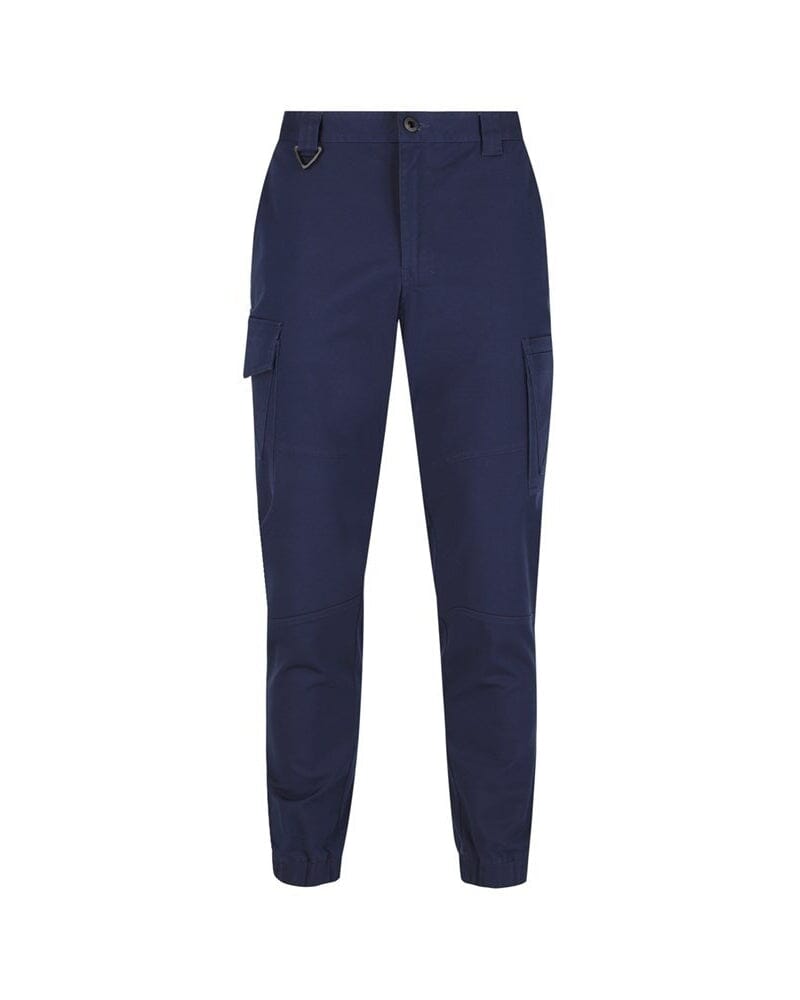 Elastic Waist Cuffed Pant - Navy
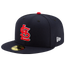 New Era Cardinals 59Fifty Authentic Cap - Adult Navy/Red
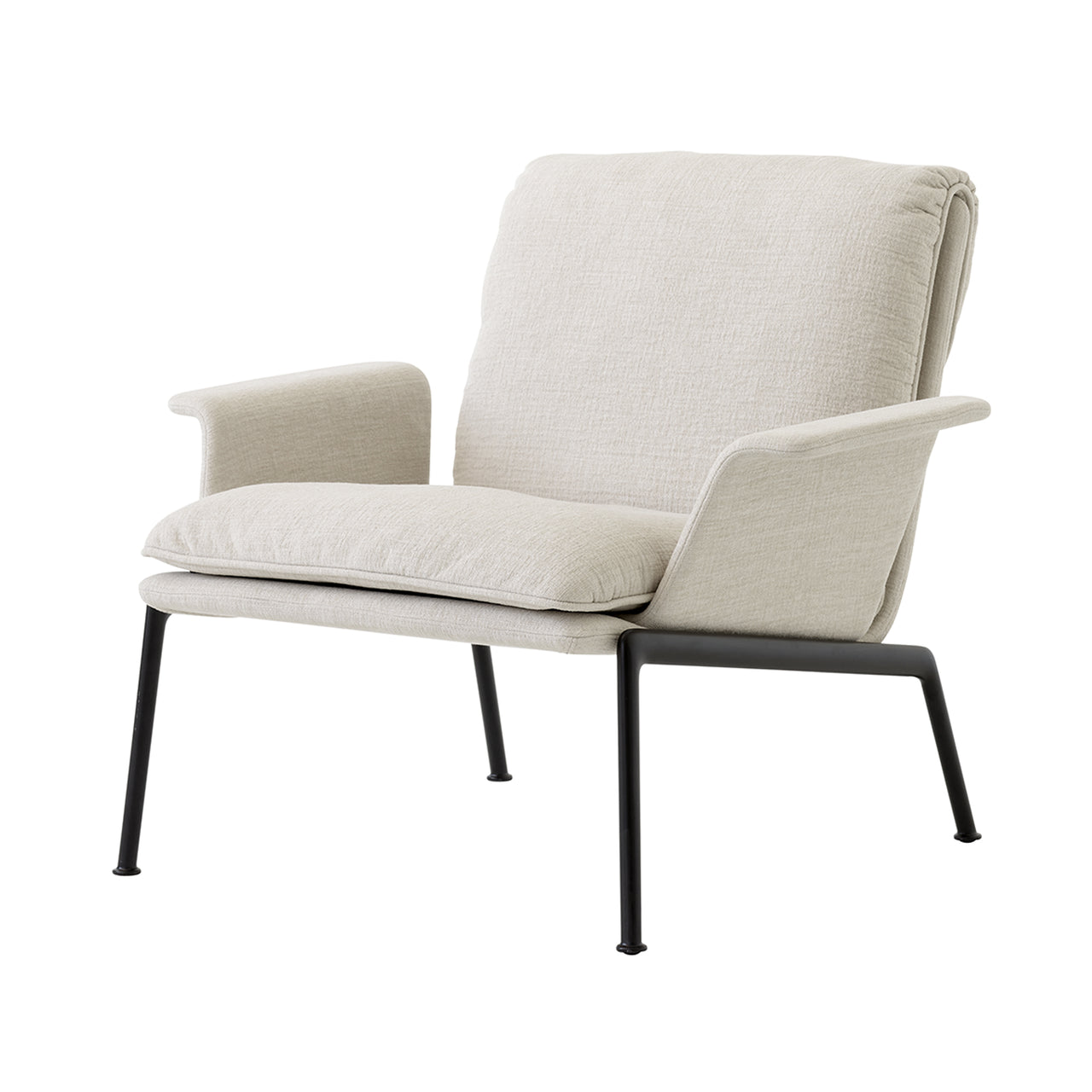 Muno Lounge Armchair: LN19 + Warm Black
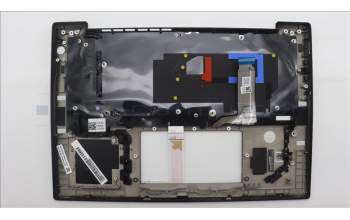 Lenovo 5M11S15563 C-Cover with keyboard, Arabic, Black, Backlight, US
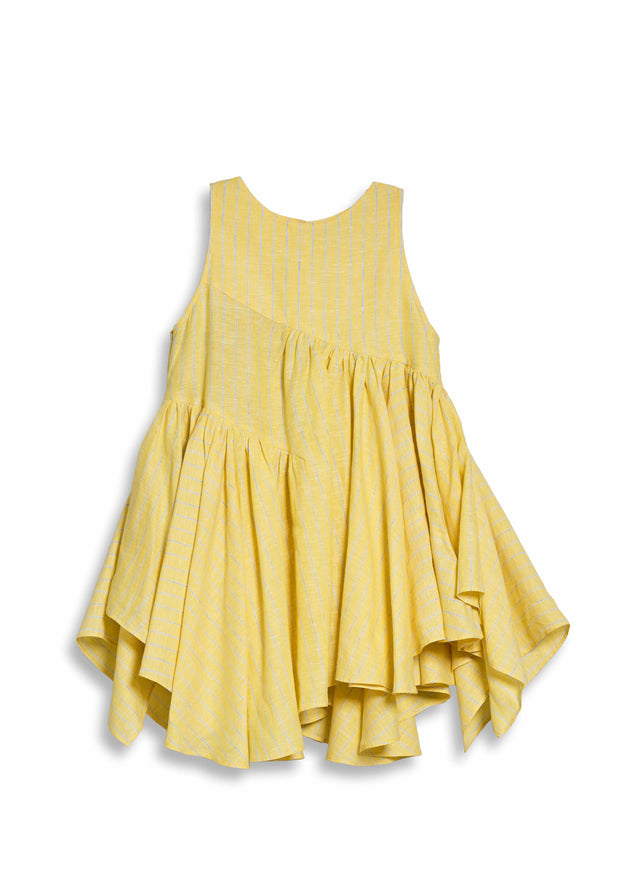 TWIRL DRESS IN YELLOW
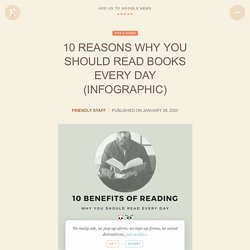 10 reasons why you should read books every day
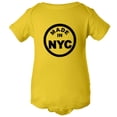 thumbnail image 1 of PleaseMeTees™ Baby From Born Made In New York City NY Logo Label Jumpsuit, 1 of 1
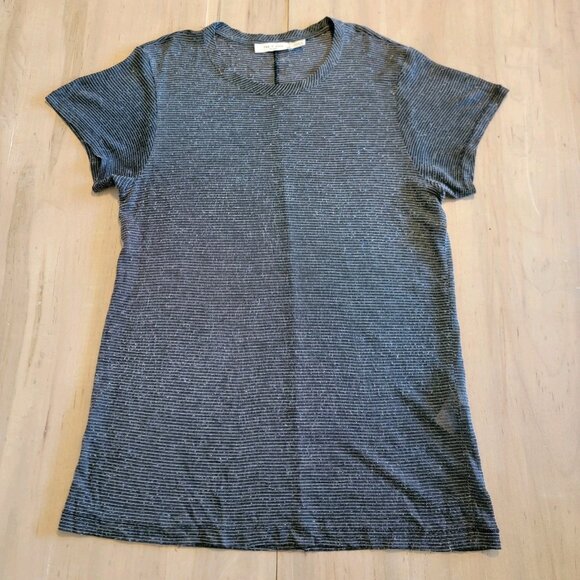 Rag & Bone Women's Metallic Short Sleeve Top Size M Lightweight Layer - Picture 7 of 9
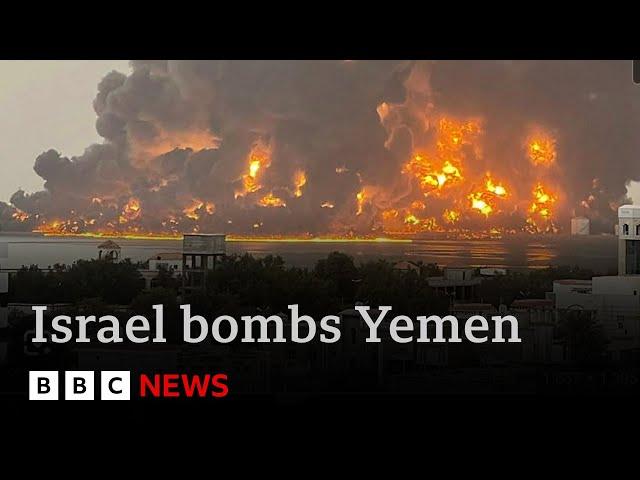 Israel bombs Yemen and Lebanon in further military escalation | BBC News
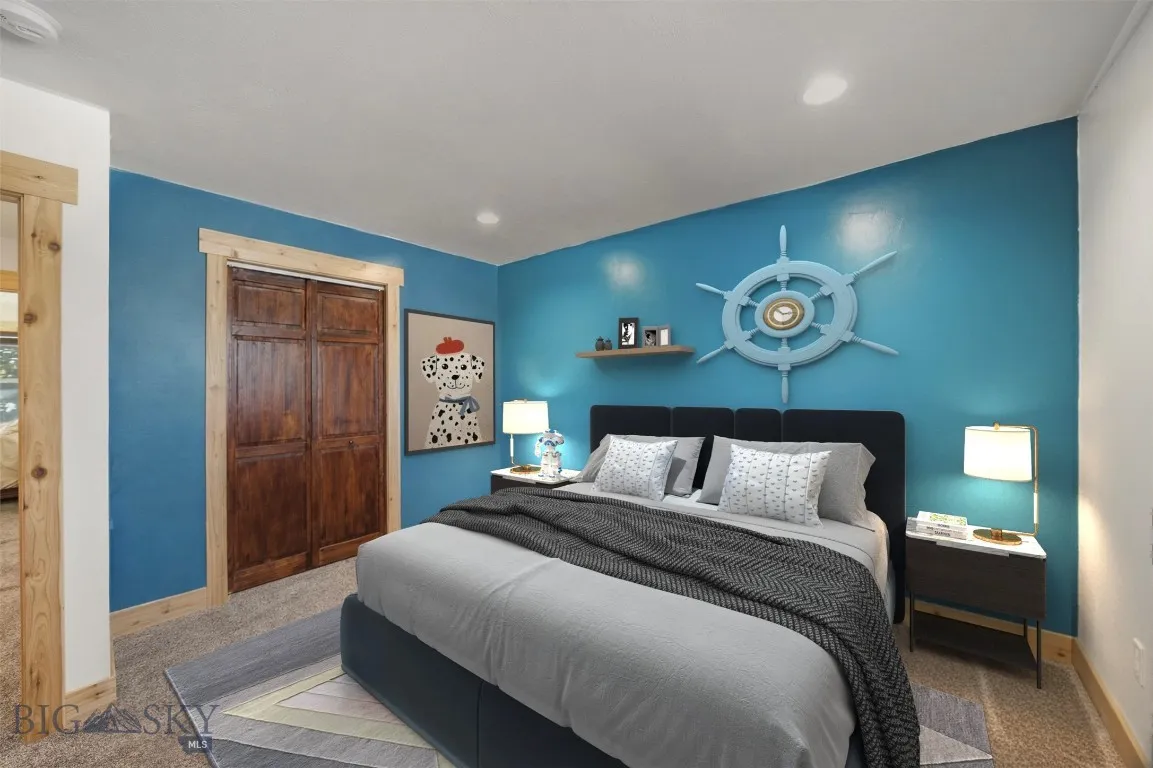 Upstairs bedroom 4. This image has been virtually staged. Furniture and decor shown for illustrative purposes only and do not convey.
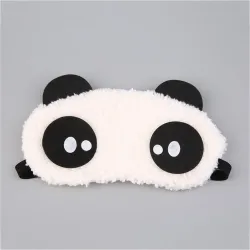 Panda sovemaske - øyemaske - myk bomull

* * *

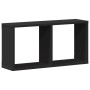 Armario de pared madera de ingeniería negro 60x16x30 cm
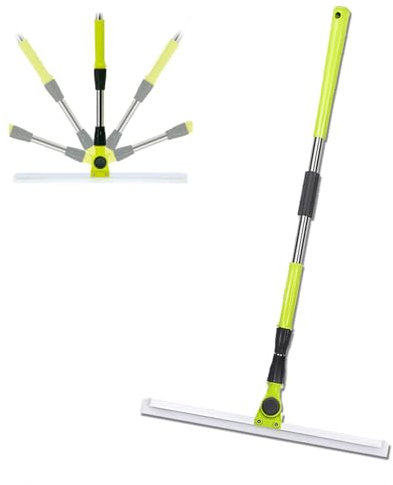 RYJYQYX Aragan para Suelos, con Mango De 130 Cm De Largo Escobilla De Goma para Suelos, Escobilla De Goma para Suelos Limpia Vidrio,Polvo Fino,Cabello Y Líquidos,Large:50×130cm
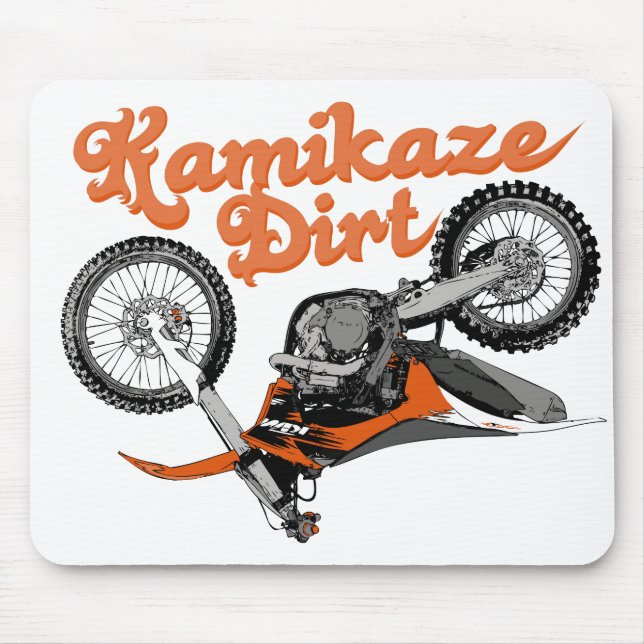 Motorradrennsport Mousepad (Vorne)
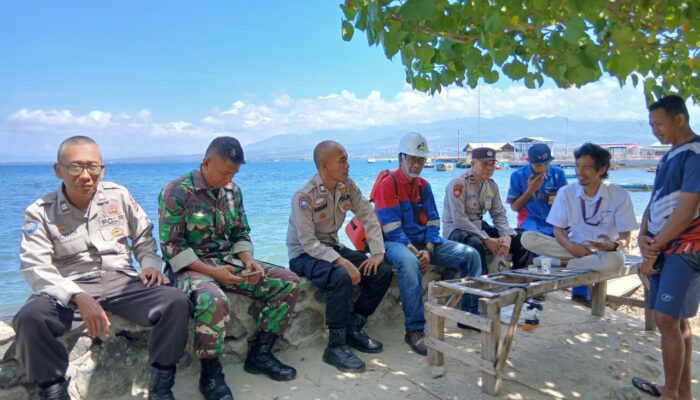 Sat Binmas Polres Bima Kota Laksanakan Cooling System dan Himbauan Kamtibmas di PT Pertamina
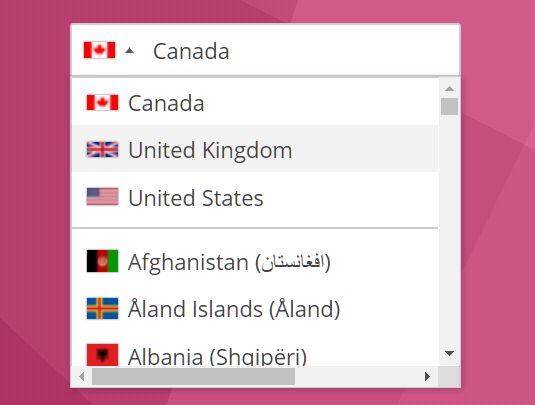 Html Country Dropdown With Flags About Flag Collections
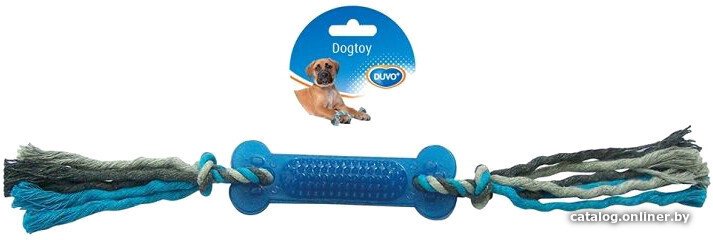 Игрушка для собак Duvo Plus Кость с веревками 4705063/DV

Activity: In the listing above, the required lines run from the line with "Elastic Waist Cuffed Pant - Navy" through the line with "Panda sovemaske - øyemaske - myk bomull". Output exactly those lines, omitting pictures.

Task output:
 Elastic Waist Cuffed Pant - Navy
 New Era Cardinals 59Fifty Authentic Cap - Adult Navy/Red
 Muno Lounge Armchair: LN19 + Warm Black
 Lenovo 5M11S15563 C-Cover with keyboard, Arabic, Black, Backlight, US
 TWIRL DRESS IN YELLOW
 10 reasons why you should read books every day
 thumbnail image 1 of PleaseMeTees™ Baby From Born Made In New York City NY Logo Label Jumpsuit, 1 of 1
 Rag & Bone Women's Metallic Short Sleeve Top Size M Lightweight Layer - Picture 7 of 9
 Israel bombs Yemen and Lebanon in further military escalation | BBC News
 Upstairs bedroom 4. This image has been virtually staged. Furniture and decor shown for illustrative purposes only and do not convey.
 Panda sovemaske - øyemaske - myk bomull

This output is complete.